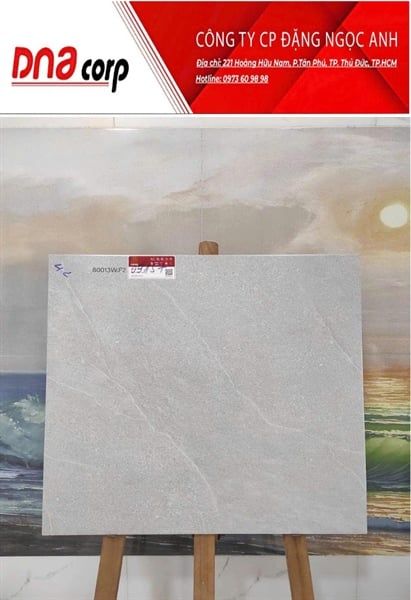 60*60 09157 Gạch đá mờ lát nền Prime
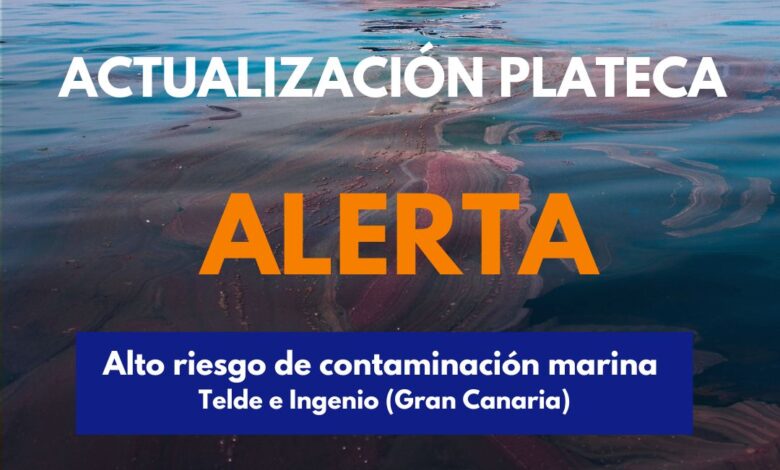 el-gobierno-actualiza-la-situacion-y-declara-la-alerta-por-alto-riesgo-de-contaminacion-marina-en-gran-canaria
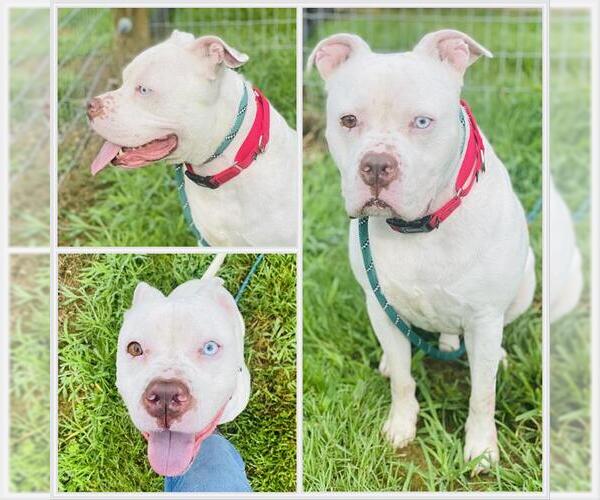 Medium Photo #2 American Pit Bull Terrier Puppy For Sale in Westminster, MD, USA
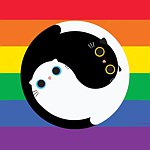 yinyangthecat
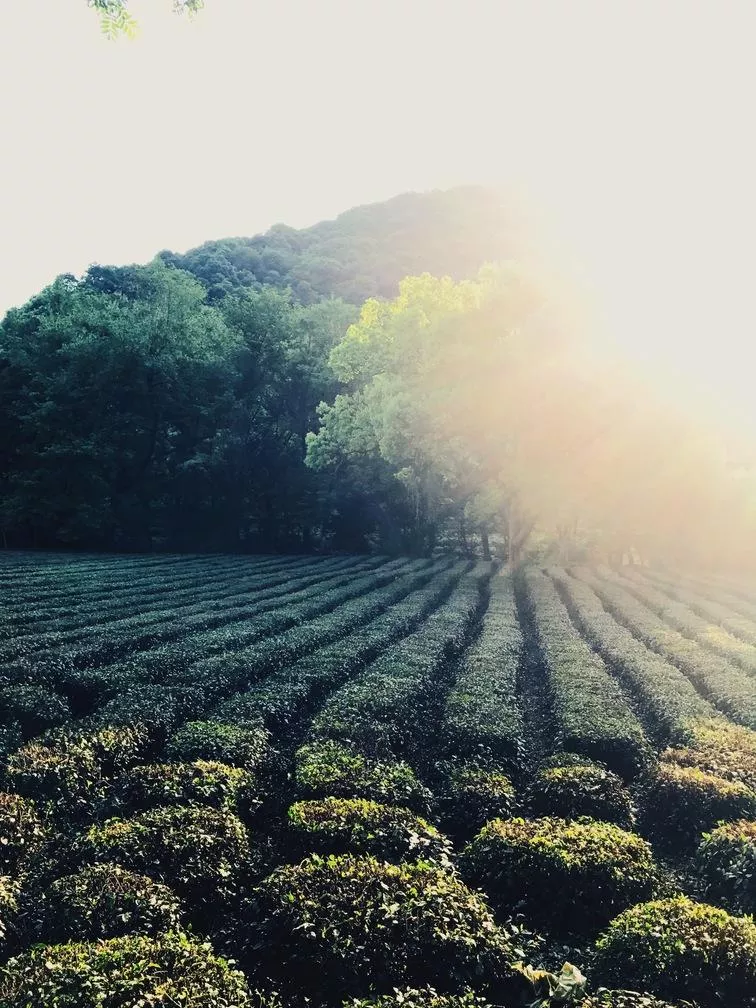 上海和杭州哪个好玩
· · · ·
WHAT IS EXPECTED: Reproduce all the data as it stands. The pictures are not part of the copy.

SOLVED EXERCISE:
 60*60 09157 Gạch đá mờ lát nền Prime
 el-gobierno-actualiza-la-situacion-y-declara-la-alerta-por-alto-riesgo-de-contaminacion-marina-en-gran-canaria
 Medium Photo #2 American Pit Bull Terrier Puppy For Sale in Westminster, MD, USA
 yinyangthecat
 上海和杭州哪个好玩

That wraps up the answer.